I thoroughly enjoyed it!  Jen is easy to read; honestly and humorously sharing her thoughts and experiences. I came away from this book convinced that I must, can, and want do better with the excess in my life.

I enjoyed 7 so much that I followed it up with For The Love and have rarely laughed so much while reading a book! But as you're laughing, you are being convicted by Jen's simple take on God's requirements of us, and comforted by His promises to us.

www.jenhatmaker.com



FOR THE LOVE

The majority of our joys, struggles, thrills, and heartbreaks relate to people, beginning first 
with ourselves and then the people we came from, married, birthed, live by, live for, 
go to church with, don’t like, don’t understand, fear, struggle with, compare ourselves to, 
and judge. People are the best and worst thing about the human life.

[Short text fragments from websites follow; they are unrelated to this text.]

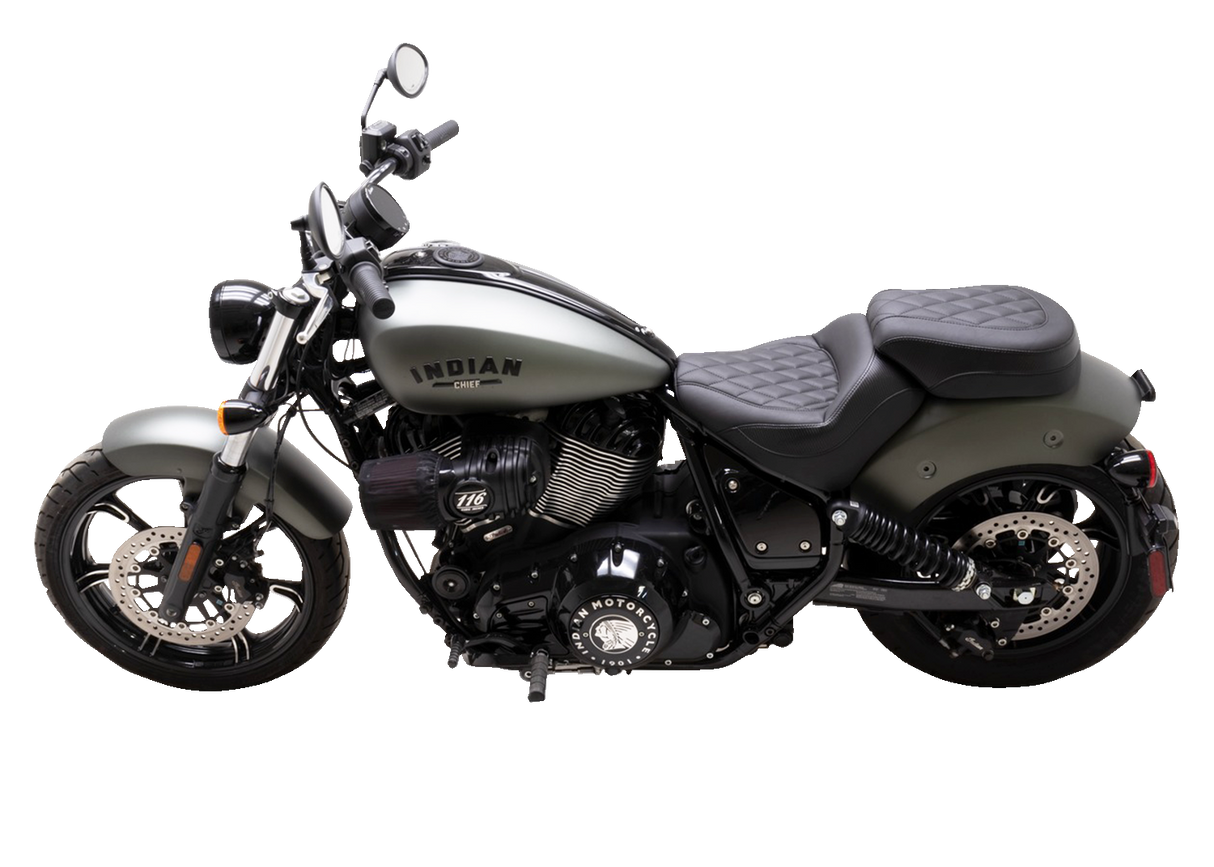 MUSTANG Solo Touring Seat - Passenger - Black - Diamond Stich - Chief '22-'23 88204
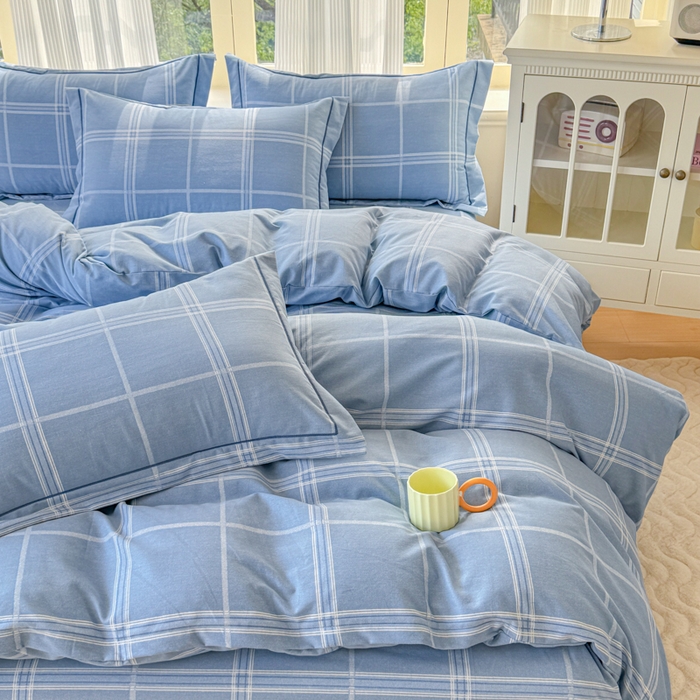 91家纺网 家纺一手货源 找家纺 铭浩 2025新款纯棉棉加厚磨毛升级喷气面料全棉四件套三件套莫里特－蓝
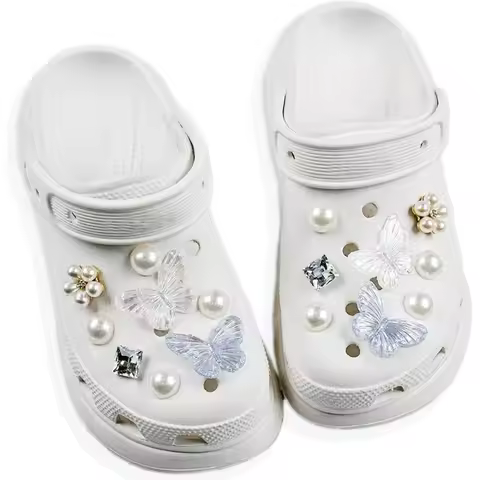 New 16PCS Cinsenten Bling Butterfly Croc Charms for Adults, Girls Croc Accessories, Gems Flowers Cro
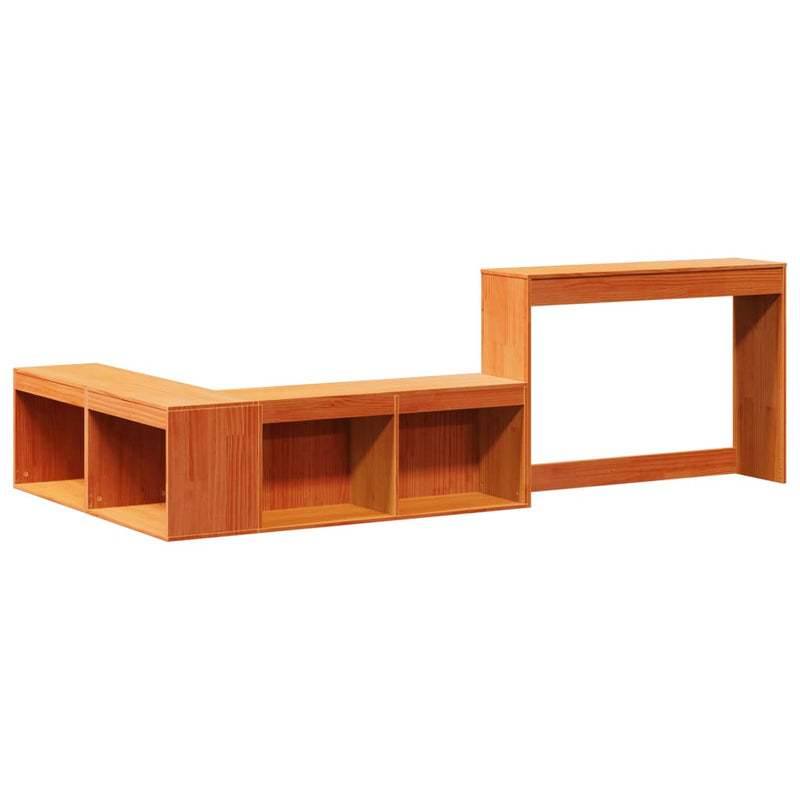 vidaXL viaszbarna tömör fenyőfa éjjeliszekrény asztallal 222x107x75 cm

Jen Hatmaker knows this all too well, and so she reveals how to practice kindness, grace,
 truthfulness, vision, and love to ourselves and those around us. By doing this, For the Love 
leads our generation to reimagine Jesus’ grace as a way of life, and it does it in a funny 
yet profound manner that Christian readers will love. Along the way, Hatmaker shows 
readers how to reclaim their prophetic voices and become Good News again to a 
hurting, polarized world.


Here's a favorite quote from each book:

     "As Jesus explained, the right things have to die so the right things can live - we die to
 selfishness, greed, power, accumulation, prestige, and self-preservation giving life to 
community, generosity, compassion, mercy, brotherhood, kindness, and love"  (7)

    

     "The best I offer the world is the truth - my highest gift.  What the world does with it is not 
up to me. I am not in charge of outcomes, opinions, assessments.  I am not in the business of 
damage control." (For the Love) 

I highly recommend both books, but more importantly, my sister, Jamie, does and she's
young, "hip", and "with it"!! :)

Love ya'll,
Shelli 


"Don't try to win over the haters; you're not the jackass whisperer."
Jen Hatmaker 







1 comment:

Jamie said...

Aawwwwwwww....... I just love this! And since I'm so young and hip then you know it must be great! Especially love the closing quote!